◆ What to work on ◆
The line containing "Hey guys and" and each line after it, through the final line of the data, are to be retyped exactly, with pictures left out.

*-*-*

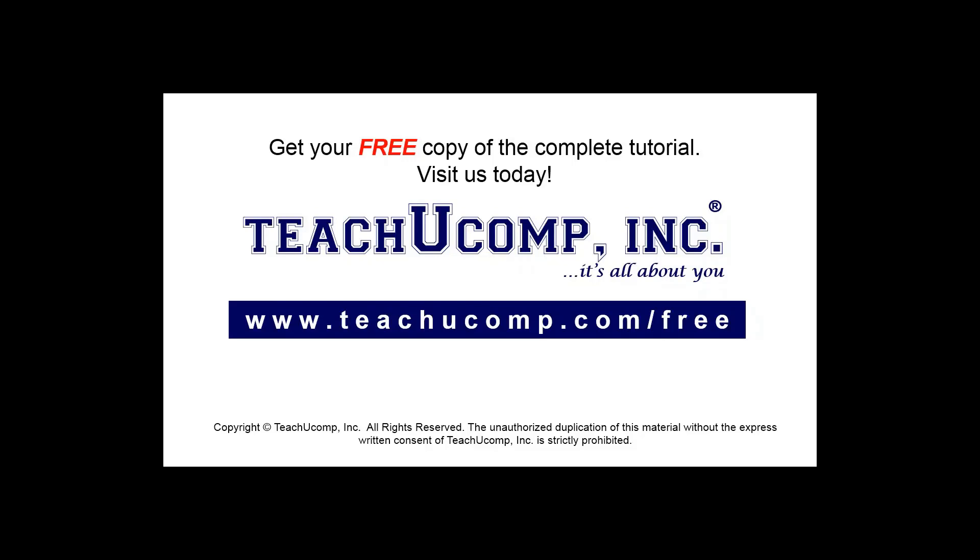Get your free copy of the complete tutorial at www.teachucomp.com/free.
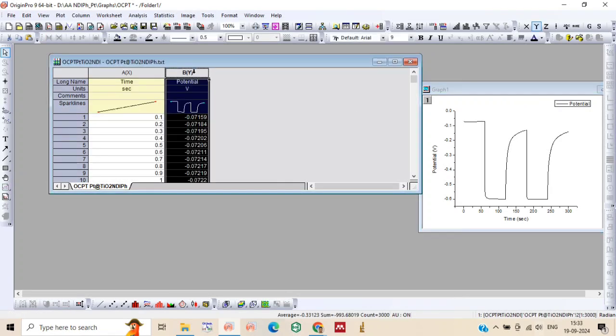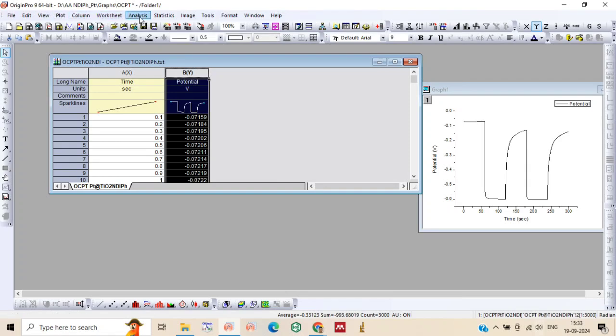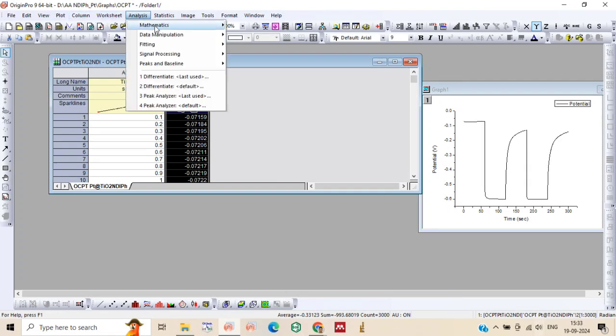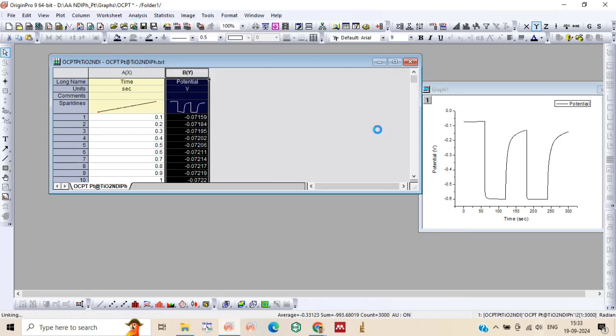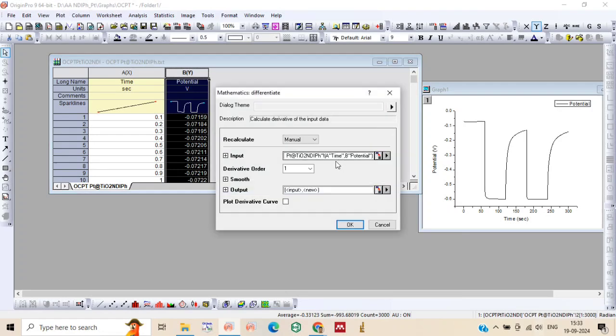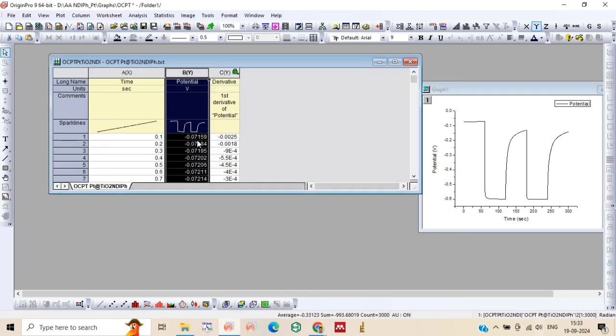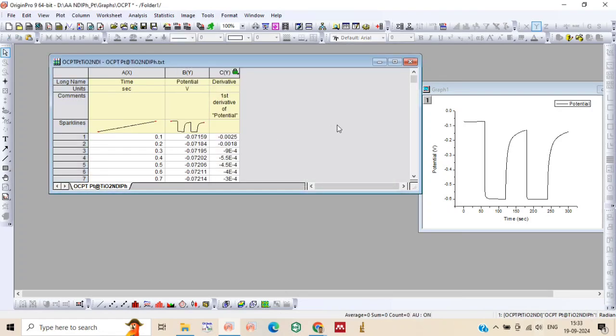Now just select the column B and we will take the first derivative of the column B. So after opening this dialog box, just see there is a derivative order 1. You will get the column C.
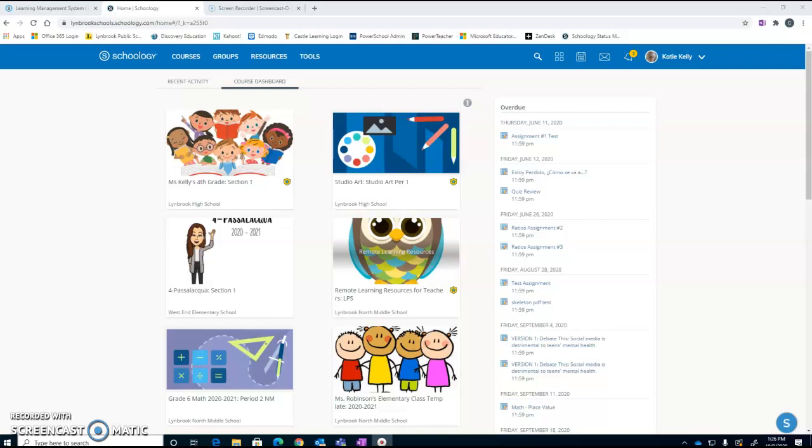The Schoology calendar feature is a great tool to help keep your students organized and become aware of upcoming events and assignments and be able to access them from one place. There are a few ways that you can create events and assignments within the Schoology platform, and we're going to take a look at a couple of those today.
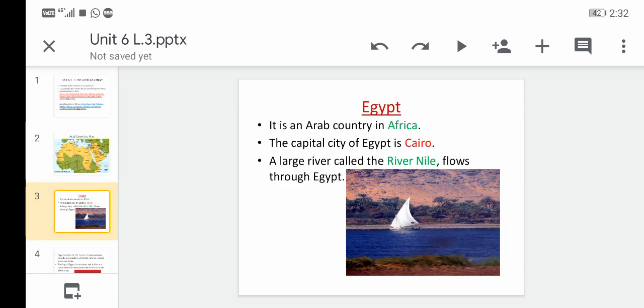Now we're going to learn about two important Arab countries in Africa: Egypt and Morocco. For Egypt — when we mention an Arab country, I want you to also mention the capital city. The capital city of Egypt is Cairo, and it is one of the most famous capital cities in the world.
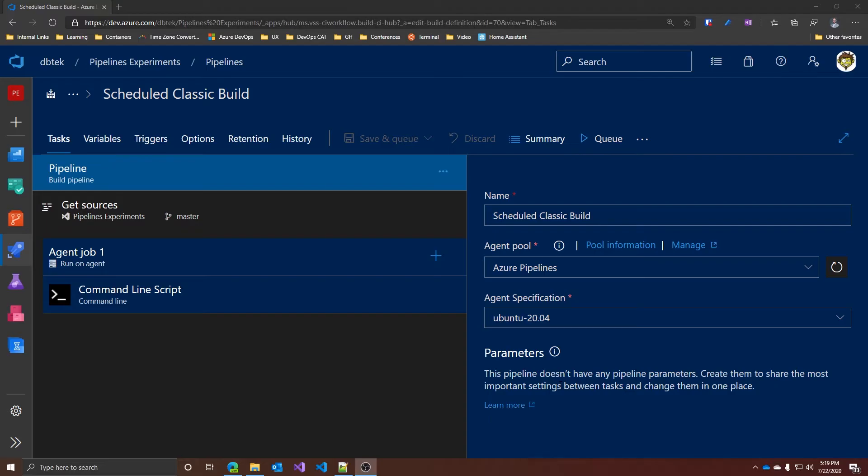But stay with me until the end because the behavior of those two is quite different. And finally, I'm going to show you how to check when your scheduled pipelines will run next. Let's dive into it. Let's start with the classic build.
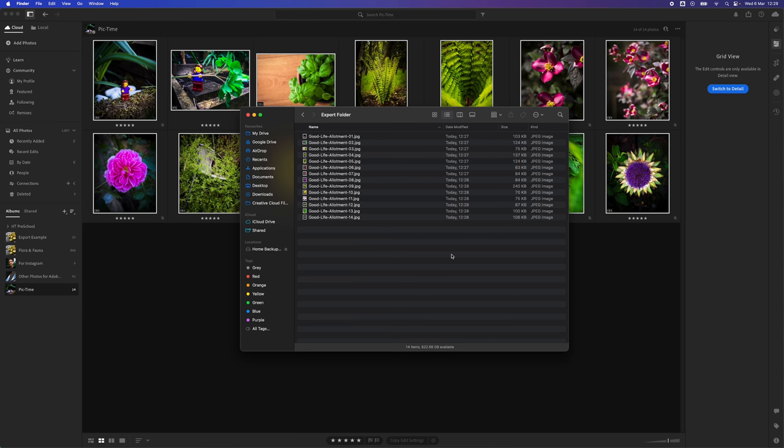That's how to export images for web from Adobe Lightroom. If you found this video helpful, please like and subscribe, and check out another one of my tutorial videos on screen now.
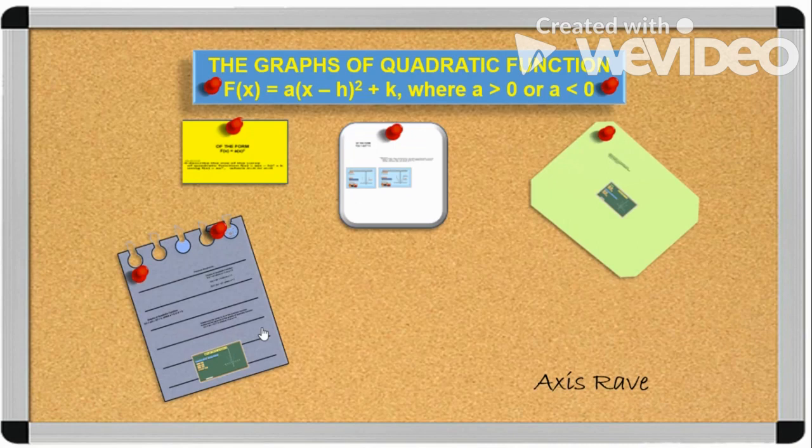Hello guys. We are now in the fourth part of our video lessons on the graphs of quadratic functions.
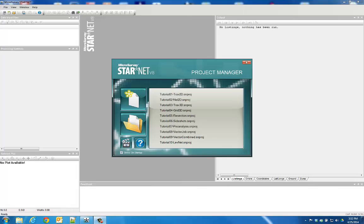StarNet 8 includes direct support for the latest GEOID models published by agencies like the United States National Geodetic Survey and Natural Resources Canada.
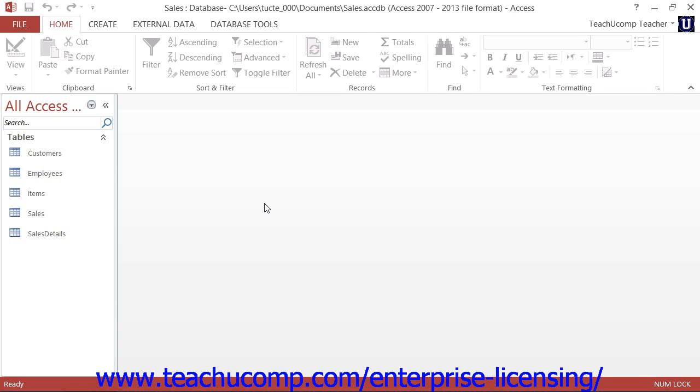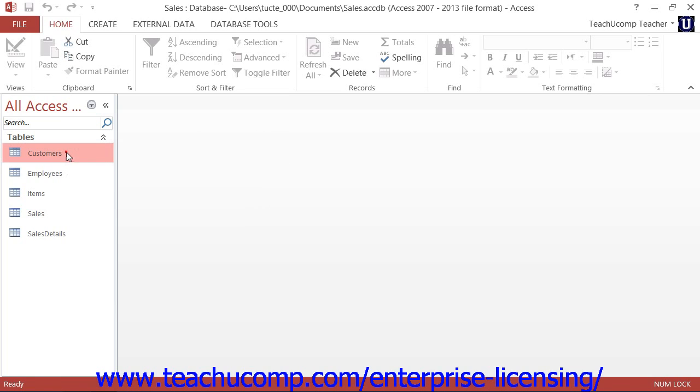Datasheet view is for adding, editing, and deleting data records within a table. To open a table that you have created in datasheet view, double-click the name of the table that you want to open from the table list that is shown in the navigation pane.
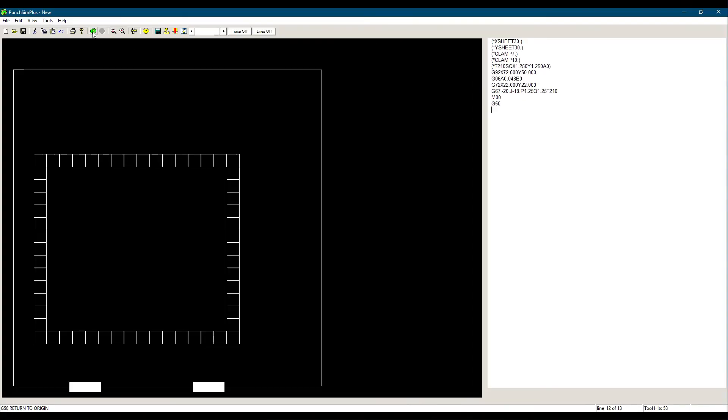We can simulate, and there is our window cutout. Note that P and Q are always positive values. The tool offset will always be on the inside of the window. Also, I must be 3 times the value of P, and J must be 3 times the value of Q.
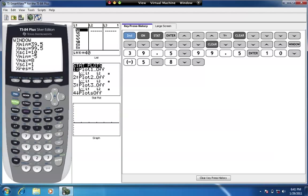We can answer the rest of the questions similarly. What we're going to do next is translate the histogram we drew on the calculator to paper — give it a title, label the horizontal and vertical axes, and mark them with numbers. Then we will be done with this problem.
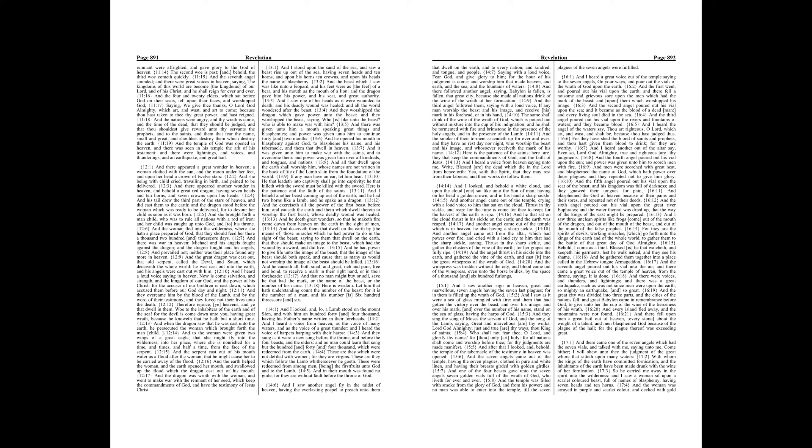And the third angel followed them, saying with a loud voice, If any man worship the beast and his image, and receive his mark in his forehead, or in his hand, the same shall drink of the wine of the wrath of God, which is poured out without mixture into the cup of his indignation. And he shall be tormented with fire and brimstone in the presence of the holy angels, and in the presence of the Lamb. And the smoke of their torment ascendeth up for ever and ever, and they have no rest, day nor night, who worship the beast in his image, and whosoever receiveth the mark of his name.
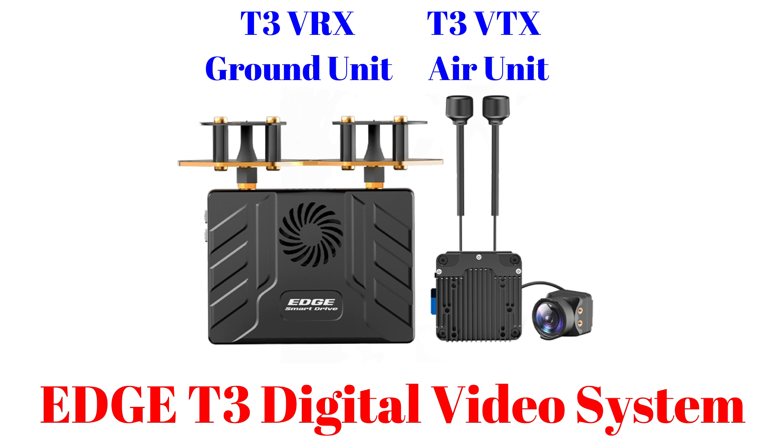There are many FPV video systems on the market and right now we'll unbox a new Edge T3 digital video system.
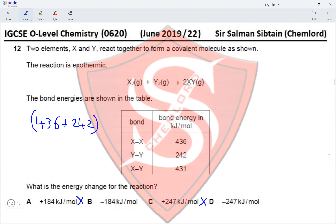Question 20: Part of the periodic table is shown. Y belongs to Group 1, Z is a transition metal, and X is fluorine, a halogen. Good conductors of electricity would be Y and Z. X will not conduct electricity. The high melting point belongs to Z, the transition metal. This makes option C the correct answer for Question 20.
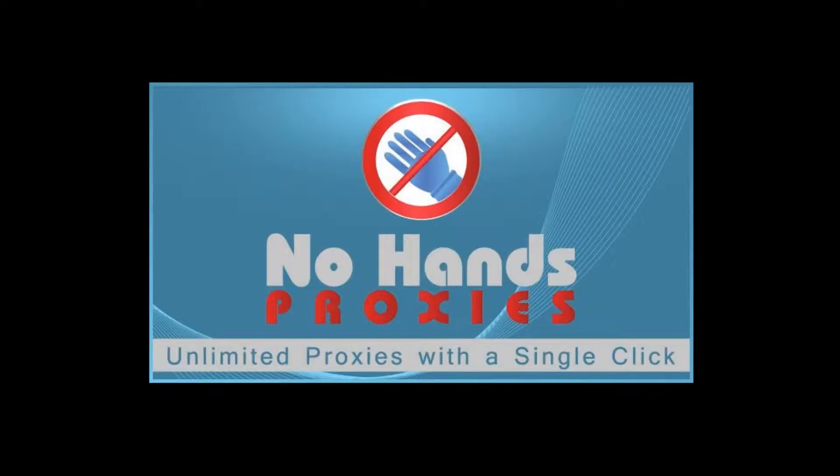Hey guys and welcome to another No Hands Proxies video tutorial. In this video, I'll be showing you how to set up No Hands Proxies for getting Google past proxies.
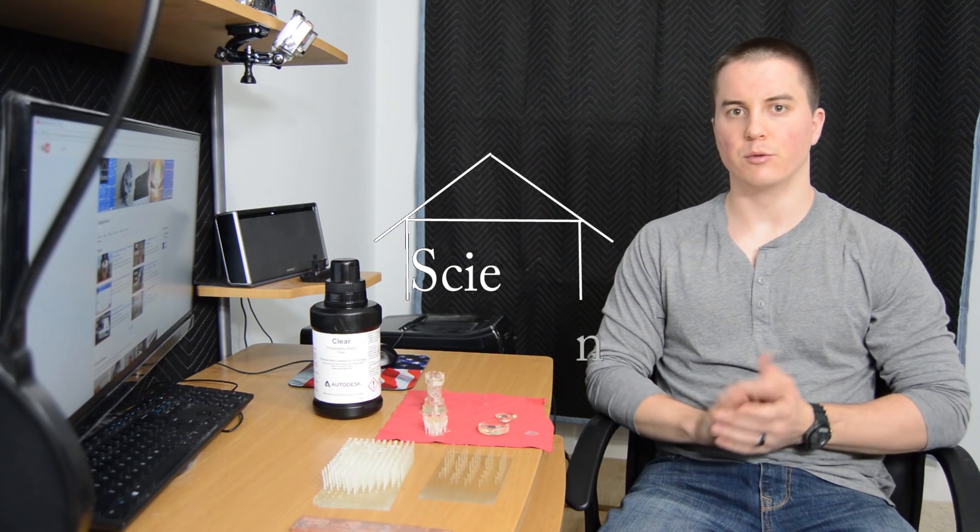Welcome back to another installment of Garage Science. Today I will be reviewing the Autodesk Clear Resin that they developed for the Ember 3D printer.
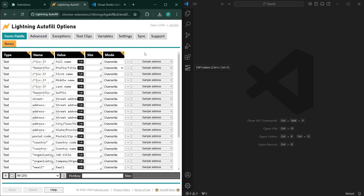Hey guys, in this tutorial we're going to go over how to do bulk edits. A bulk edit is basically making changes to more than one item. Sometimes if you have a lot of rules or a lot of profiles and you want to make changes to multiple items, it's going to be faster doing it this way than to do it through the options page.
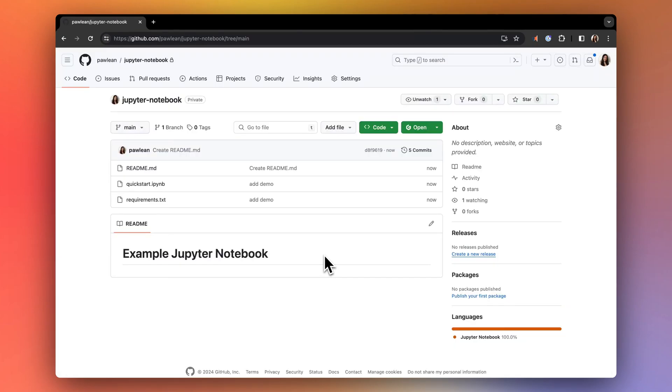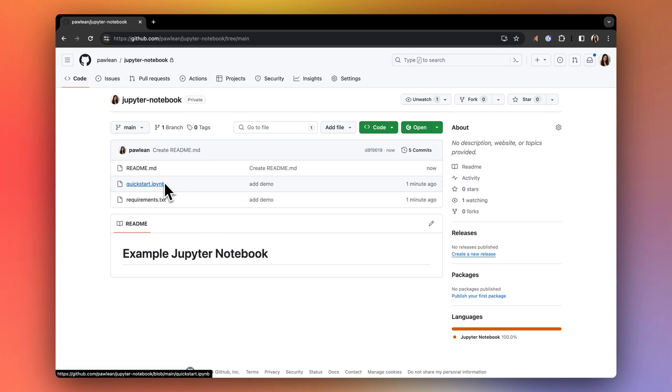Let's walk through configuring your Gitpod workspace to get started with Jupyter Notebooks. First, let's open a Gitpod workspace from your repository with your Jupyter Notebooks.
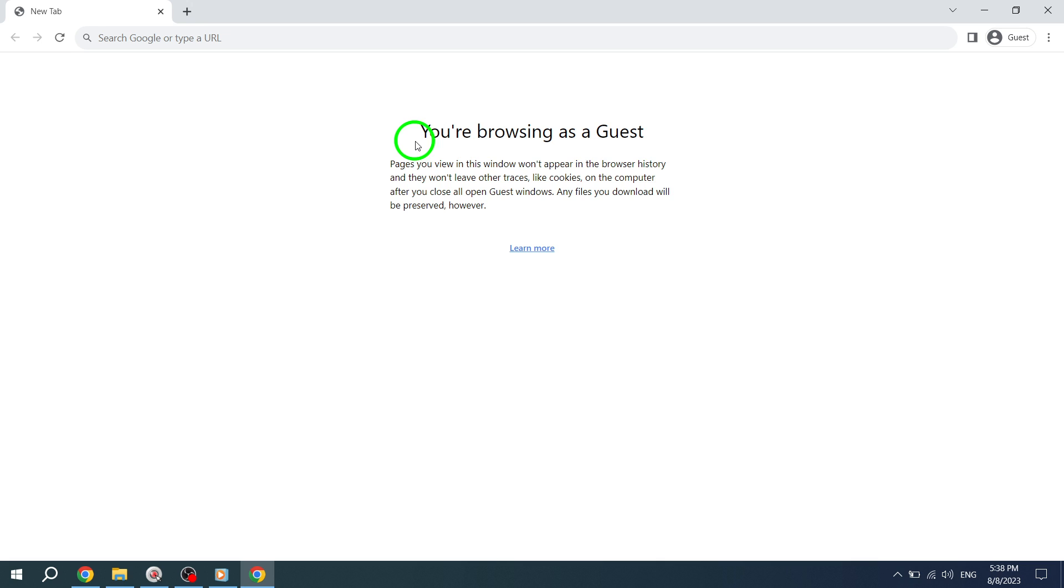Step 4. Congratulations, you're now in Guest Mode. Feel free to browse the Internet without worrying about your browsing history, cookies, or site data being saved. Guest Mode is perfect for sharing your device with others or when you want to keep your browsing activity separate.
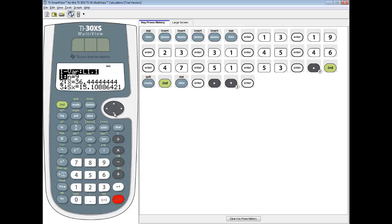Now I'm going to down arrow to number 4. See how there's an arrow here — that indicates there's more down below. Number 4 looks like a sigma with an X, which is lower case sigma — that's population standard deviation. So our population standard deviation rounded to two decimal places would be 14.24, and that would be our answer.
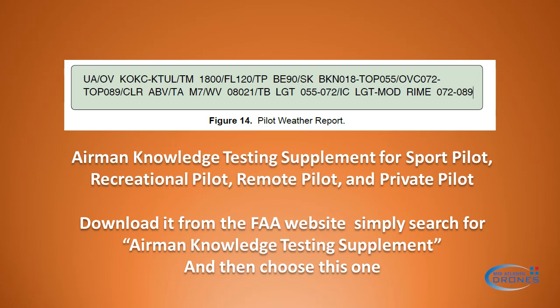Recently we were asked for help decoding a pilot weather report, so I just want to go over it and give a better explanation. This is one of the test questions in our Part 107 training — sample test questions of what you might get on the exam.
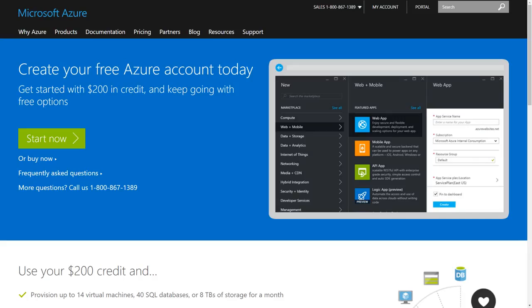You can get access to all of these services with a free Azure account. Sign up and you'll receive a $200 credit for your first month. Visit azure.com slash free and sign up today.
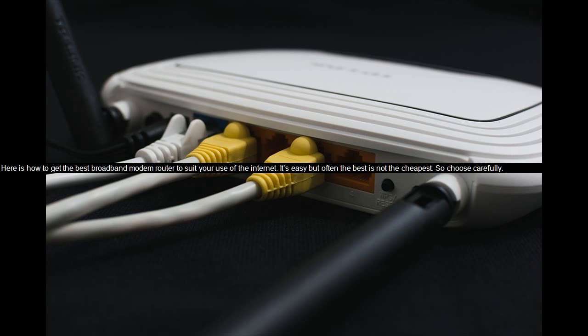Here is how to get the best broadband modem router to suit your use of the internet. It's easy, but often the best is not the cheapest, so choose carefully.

*-*-*

◆ Answer to this task ◆
Hey guys and welcome to another No Hands Proxies video tutorial. In this video, I'll be showing you how to set up No Hands Proxies for getting Google past proxies.
Welcome back to another installment of Garage Science. Today I will be reviewing the Autodesk Clear Resin that they developed for the Ember 3D printer.
Hey guys, in this tutorial we're going to go over how to do bulk edits. A bulk edit is basically making changes to more than one item. Sometimes if you have a lot of rules or a lot of profiles and you want to make changes to multiple items, it's going to be faster doing it this way than to do it through the options page.
Let's walk through configuring your Gitpod workspace to get started with Jupyter Notebooks. First, let's open a Gitpod workspace from your repository with your Jupyter Notebooks.
Step 4. Congratulations, you're now in Guest Mode. Feel free to browse the Internet without worrying about your browsing history, cookies, or site data being saved. Guest Mode is perfect for sharing your device with others or when you want to keep your browsing activity separate.
Now I'm going to down arrow to number 4. See how there's an arrow here — that indicates there's more down below. Number 4 looks like a sigma with an X, which is lower case sigma — that's population standard deviation. So our population standard deviation rounded to two decimal places would be 14.24, and that would be our answer.
Recently we were asked for help decoding a pilot weather report, so I just want to go over it and give a better explanation. This is one of the test questions in our Part 107 training — sample test questions of what you might get on the exam.
You can get access to all of these services with a free Azure account. Sign up and you'll receive a $200 credit for your first month. Visit azure.com slash free and sign up today.
Here is how to get the best broadband modem router to suit your use of the internet. It's easy, but often the best is not the cheapest, so choose carefully.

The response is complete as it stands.